EXERCISE BRIEF
The reply should hold only the lines from the one with "That's why you" to the one with "Without further ado, let's", both ends kept, exactly as they appear below, without any pictures.

EXERCISE INPUTS
^^^^

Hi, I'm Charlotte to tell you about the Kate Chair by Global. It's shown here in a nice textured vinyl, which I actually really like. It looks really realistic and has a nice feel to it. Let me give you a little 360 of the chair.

^^^^

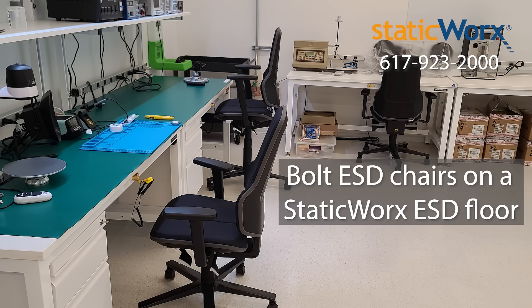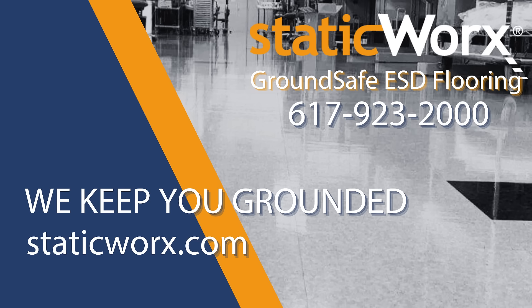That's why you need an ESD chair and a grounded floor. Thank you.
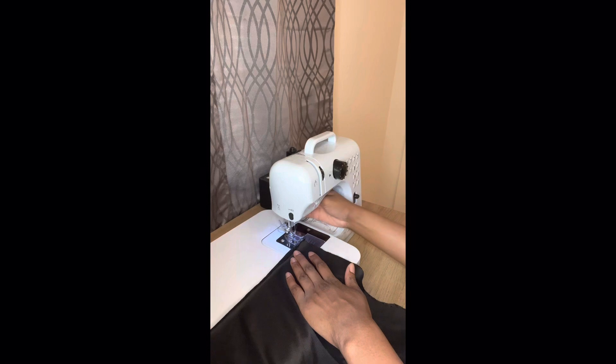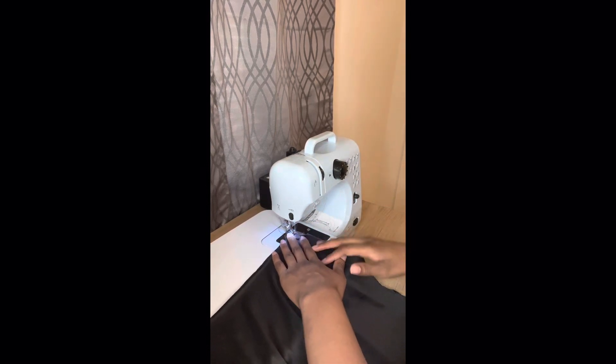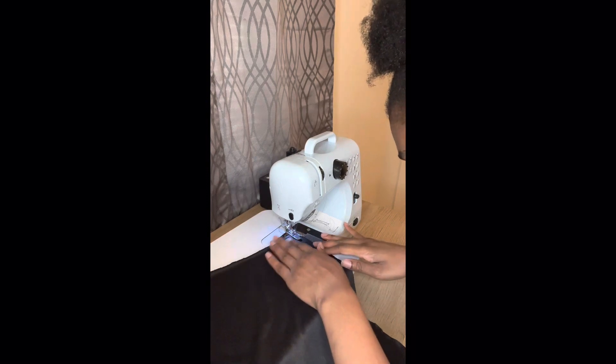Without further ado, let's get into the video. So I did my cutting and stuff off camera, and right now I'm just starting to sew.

^^^^

WRITTEN ANSWER
That's why you need an ESD chair and a grounded floor. Thank you.
Without further ado, let's get into the video. So I did my cutting and stuff off camera, and right now I'm just starting to sew.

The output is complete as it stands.